There is a zone of success for each set. The setter and attacker must work together to understand the concepts for each specific play and set that the coach runs in the offense. Most errors in setting, and therefore the offense, occur when a setter tries to pinpoint the set. The general concepts that a setter should have include: 

  1. Never pinpoint a set. Always give the hitters a range in which to expect to receive the ball, which includes a width along the net, height variations and some speed changes. 
  2. Never under-set the ball or set it too short. It is almost always better to over-set, go too high, allowing the hitter a good swing at the ball. 
  3. Usually the set should be too slow, rather than to fast. This is of special concern with the fast center-sets. With high sideline sets, there is a zone that starts on the sideline and extends into the court for several feet. This set should never travel outside the antenna, over the net or too low. It must stay off the net a couple of feet to allow the hitters a chance to take a full swing at the ball and reduce the size of the block’s court coverage. Unfortunately, we often picture the high outside set landing on the sideline, rather close to the net. If this is your goal, you are likely to rake lots of errors by pushing it to wide or over the net. Thus on this set you can “safely” err by setting it too high, too far inside, or too deep as these are situations that a hitter can compensate for. With the faster sets, the basic rules still apply. It should never cross the net without passing the hitter’s outside shoulder, must be high enough to allow the hitter to reach and made in front of the hitter’s midline of the body. If the set is too low, crosses the net in front of the hitter, or is set across the hitter’s body before it is hittable, lots of errors will occur. All sets, fast or not, can become reasonably high-percentage plays as long as you work within your skills and offensive play range. Since you control more of the game than anyone else, you will be getting more attention from the coach and must work harder. 

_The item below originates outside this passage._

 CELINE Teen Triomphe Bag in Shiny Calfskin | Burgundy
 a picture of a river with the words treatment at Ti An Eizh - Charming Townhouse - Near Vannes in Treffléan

There is no key to success like game-like repetition. Setters must touch many balls per practice and set, more than anything else. Setters must learn to react instinctively to almost any situation in the game; they can’t train by merely setting from a stationary position. Setters must learn to set from a variety of game-possible positions. Setters should never catch a ball in practice when setting; they should always try to set it. Their spatial awareness and orientation abilities must cover the whole court and beyond so they can always set it to the correct spot on the court. Setting an offense is a joint project with the coach who helps with the tactics and attackers who are awaiting the sets. 

A team rarely can exceed that abilities of its setters; strive to always play and train to become the best setter you can be.